December 14th, 2010 (in response to Nick Varvodic) 

“you have embarked on a ridiculous and ultimately a narcissistic campaign to discredit Council and specific Councillors for what I perceive is for no better reason than you enjoy having your name read out at Council meetings. Mr Varvodic, by your actions you have lost all credibility and your incessant questions are frankly no more than a joke.…. The second assumption is that one of my sons is a regular player of Frisbee and is a member of as you call it “the Frisbee group” There is no basis for you making that assumption. Once again as an exercise in intellectual dishonesty you make a leap in logic in assuming that as my son has played Frisbee in the park and that his name is on a facebook page that he is a regular and habitual member of this so called “Frisbee group” as you call it. I can only assume that you have been living under a rock and are unaware of Generation Y’s social networking. Facebook is a regular and usual system of social networking but the mere presence of a name on that site does not translate to my son or indeed any other person being a member of a group... I can only suggest that if you are serious about the issue of Local Law 326 and clearly by your questions you are not, or indeed if you are concerned about any other issue affecting residents and ratepayers of the City of Glen Eira, of which you are not one, you first purchase a copy of Dale Carnergie’s book, How to win friends and influence people. You have to date not won any friends and you certainly have not influenced anyone.Mr Varvodic, as long as questions are being asked, May I also enquire as to when you last bashed your wife? That question has as much intellectual honesty as your questions to date in that there are inbuilt assumptions which are patently false... You seem to think that by repeatedly making unfounded and wild accusations those assertion become true. You appear to be a follower of the Josef Goebbels school who said if you tell a lie big enough and keep repeating it, people will eventually come to believe it’.

 

VCAT is continually accused by councillors of being the fly in the ointment over planning applications, rather than looking elsewhere for the potential culprit. We highlight one recent case to illustrate the problems with this view.

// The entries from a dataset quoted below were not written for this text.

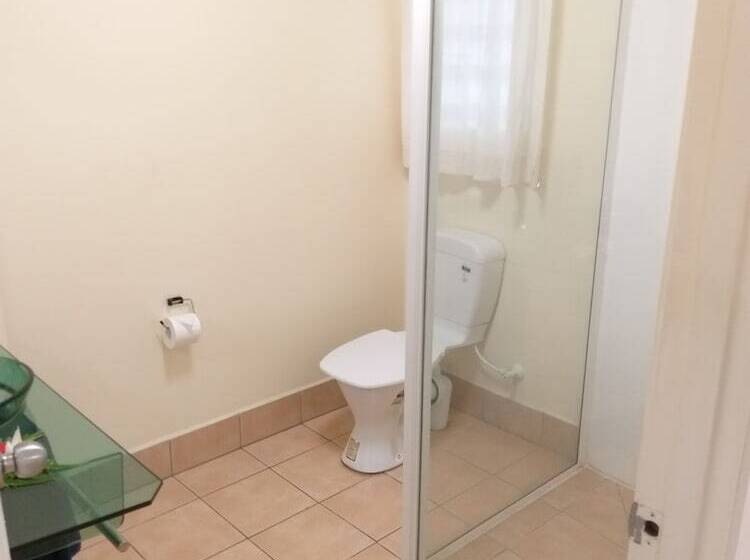 استودیوی استاندارد, Club Raro Resort Adults Only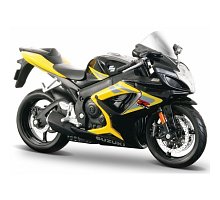 Фото Модель мотоцикла Suzuki GSX-R750. MAI31153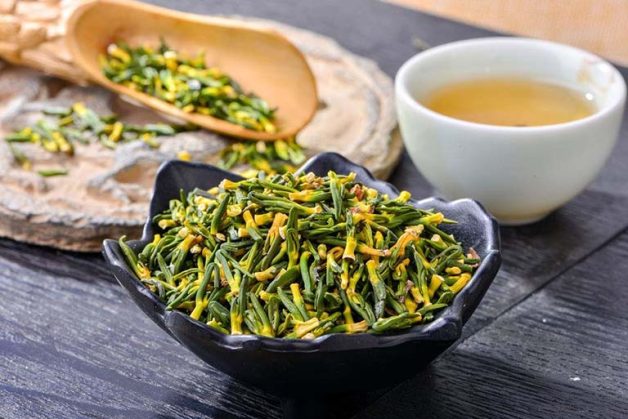 Sử dụng trà tâm sen là cách hỗ trợ giảm mất ngủ quen thuộc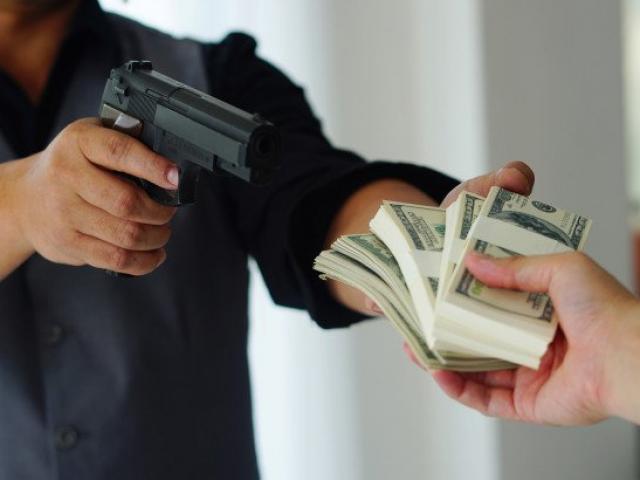 Bạn trẻ - Cuộc sống - Người đàn ông giả vờ bị cướp để hoãn đám cưới của mình và cái kết đắng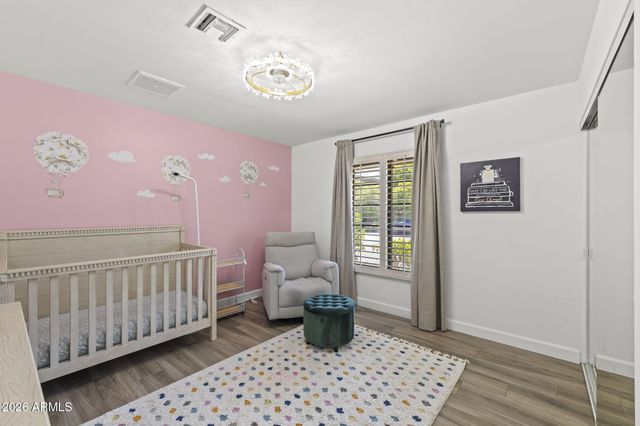 2412 E MONTEBELLO Avenue, Phoenix, AZ 85016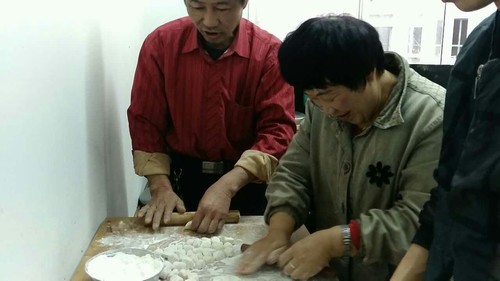 建設集團各單位:情暖冬至 餃子飄香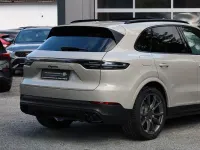 Gebraucht Porsche Cayenne E-Hybrid 340 PS (250 kW) 2021 Sechurabeige SUV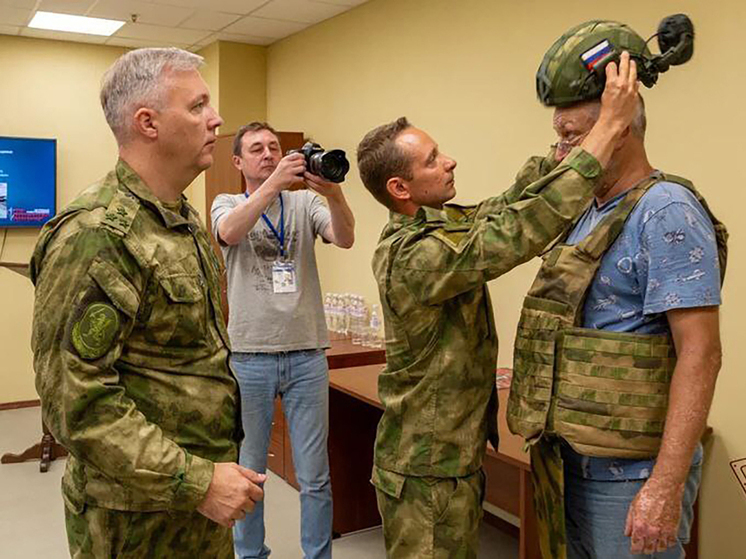 Офицеры Росгвардии провели в Пятигорске мастер-класс для журналистов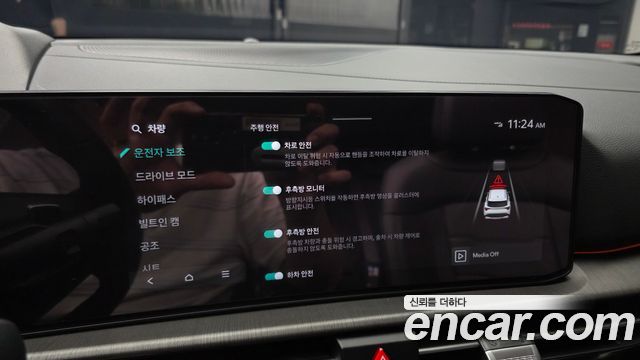 Kia Sportage (V) Gasoline 1.6 Turbo 2WD Signature 2025 — фото 17
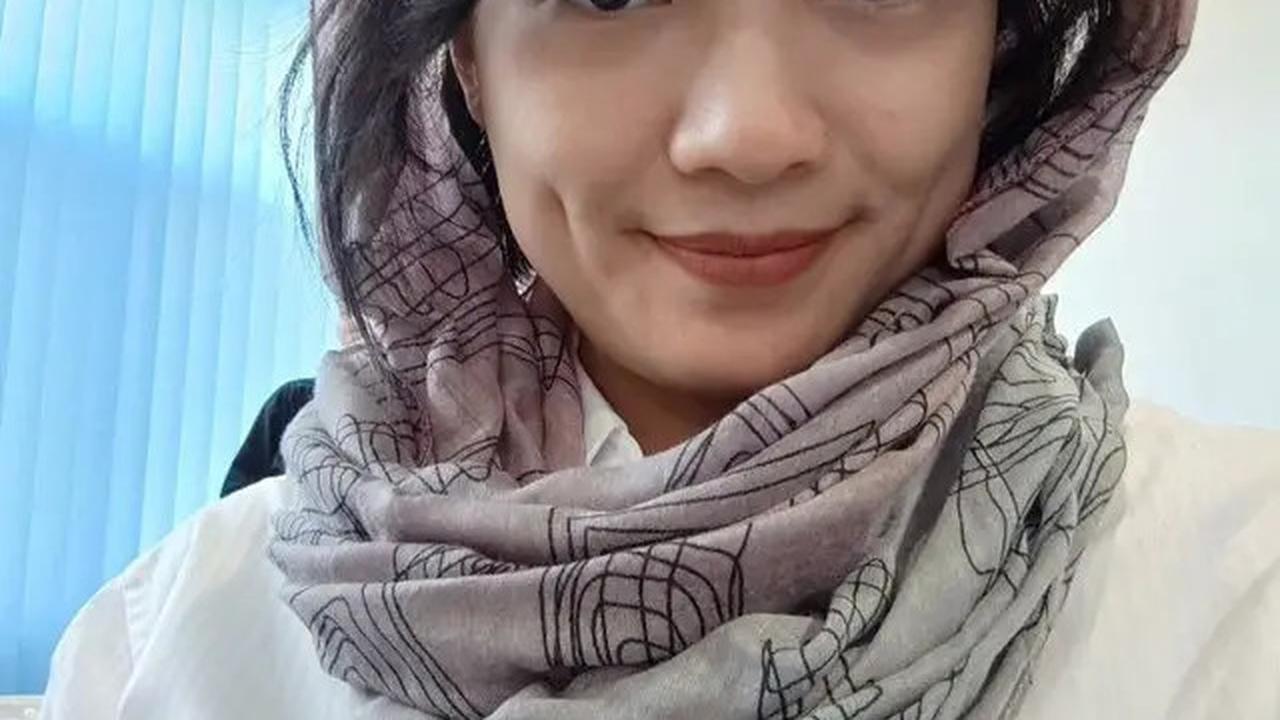 Isi Acara di Kampus Aceh, Ini 7 Potret Leony saat Berkerudung Ditemani Pacar Bule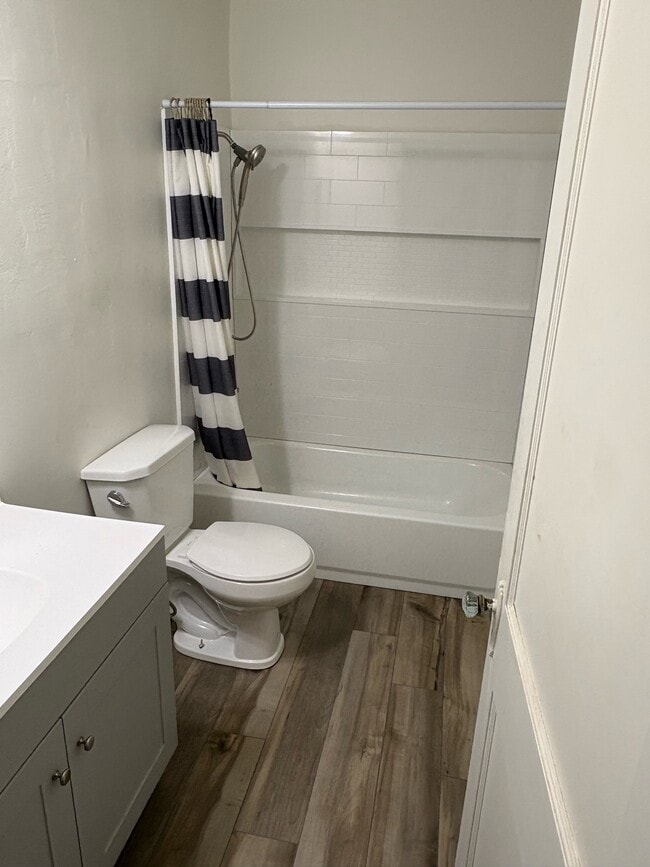 Photo - 728 W Kansas Ave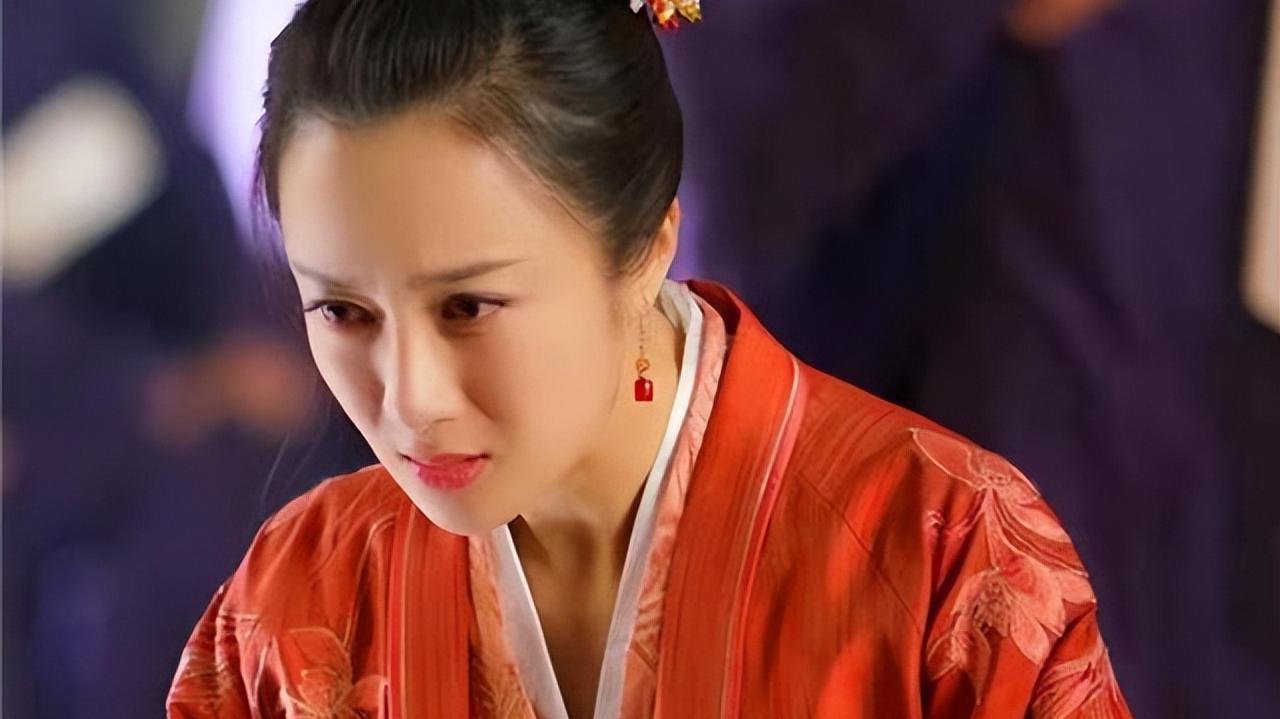 李依晓:配角演员中的璀璨明星,多元角色的完美诠释者 李依晓,一位在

On December 2nd VCAT varied conditions under appeal by the developer ‘at 257 – 259 Alma Road, Caulfield North for a shop and nine dwellings as a four storey development. This included a waiver of loading bay requirements and a reduction in car parking requirements”.  We focus on some of the member’s comments, especially since the Planning Scheme review basically ignored the following issues. The member’s comments also raise questions as to how well prepared Council officers are in defending the position taken, and whether councillors really understand what they’re doing!

“All parties acknowledged that local policy 22.07 was not clear in its direction to assess proposals in a Mixed Use Zone. Ms Bowden (for council) submitted the policy must be interpreted according to the “residential areas” provisions as a mixed use zone is a residential zone, although she acknowledged that some of the commercial area policies provide more relevant design considerations, notably about addressing interfaces to residential zones.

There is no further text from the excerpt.